Un jour que nous nous "prenions la tête" à essayer de déchiffrer le persan et suppliions en douce notre professeure de réformer l'alphabet rien que pour nous et sur-le-champ, Leili Anvar fit sa conservatrice et nous renvoya à notre chère besogne : "les Persans ont adopté l'alphabet de leur envahisseur certes, certains disent même qu'il ne correspond pas à leur phonétique mais moi, je reste opposée à la réforme de l'alphabet; les Turcs l'ont fait et ils ne savent plus lire leurs documents d'avant 1928 !". Et toc ! Je l'assure, ça en bouche une. "Ah ! Ah ! T'as raison ma soeur !", voulais-je hululer mais je suis timide, moi... Et cette dame n'est pas une enturbannée, chariatiste, arriérée ou nationaliste. Non. Normalienne, agrégée d'anglais, docteure en littérature, maître de conférences en persan. Et (surtout) charmante et moderne de son état. Belle et intelligente. Avec tout cela, moi, je m'évanouis...

Imaginons cette scène en Turquie, où les universitaires les plus modernes voudraient par exemple, non pas le retour à l'ancienne écriture, il ne faut pas rêver, mais du moins l'instauration de cours obligatoires d'osmanli. Tout bonnement im-pen-sable. Car ceux qui se croient les "plus modernes" se targuent justement de ne plus maîtriser l'alphabet arabe, l'alphabet de l'engeance obscurantiste, l'alphabet des musulmans rétrogrades, l'alphabet des sultans autocrates et des méchants Ottomans. Car on leur a appris qu'il fallait passer par cette phase nécessairement douloureuse pour se hisser à un niveau élevé de civilisation, conformément au souhait de Mustafa Kemal. Comme les Japonais et les Chinois, par exemple, qui ont grimpé à ce niveau en troquant leur alphabet avec celui du monde occidental, comme on le sait....

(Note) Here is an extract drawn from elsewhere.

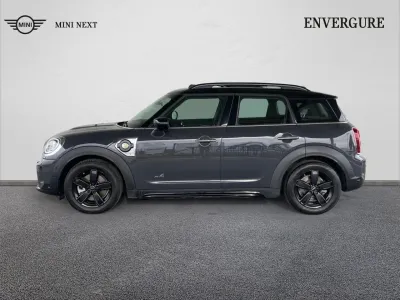 MINI Countryman Cooper SE 125ch + 95ch Northwood ALL4 BVA6 occasion 2021 - Photo 3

Résultat des courses : on n'est pas plus moderne que les Iraniens et dorénavant, on prend un dictionnaire pour lire un roman des années 1920 alors que ces derniers lisent Ferdowsi dans le texte. Ferdowsi ? Xè siècle... Toute l'histoire de la modernisation turque n'est que superficialité et reculade. Si à l'époque, le nom même de la réforme se disait en osmanli, Harf Inkilâbi (deux mots d'origine arabe !), aujourd'hui une politique de purification (soi-disant, un retour au turc ancien) a appauvri considérablement le vocabulaire. Si bien que les nuances de sens qui prévalaient pour le mot "ouvert" sont passées à la trappe; de "alenî, bâriz, âşikâr, ayan, bedîhî, vâzıh, sarih, müstehcen, münhâl, üryan, meftuh, defisiter", on est arrivé au seul "açık".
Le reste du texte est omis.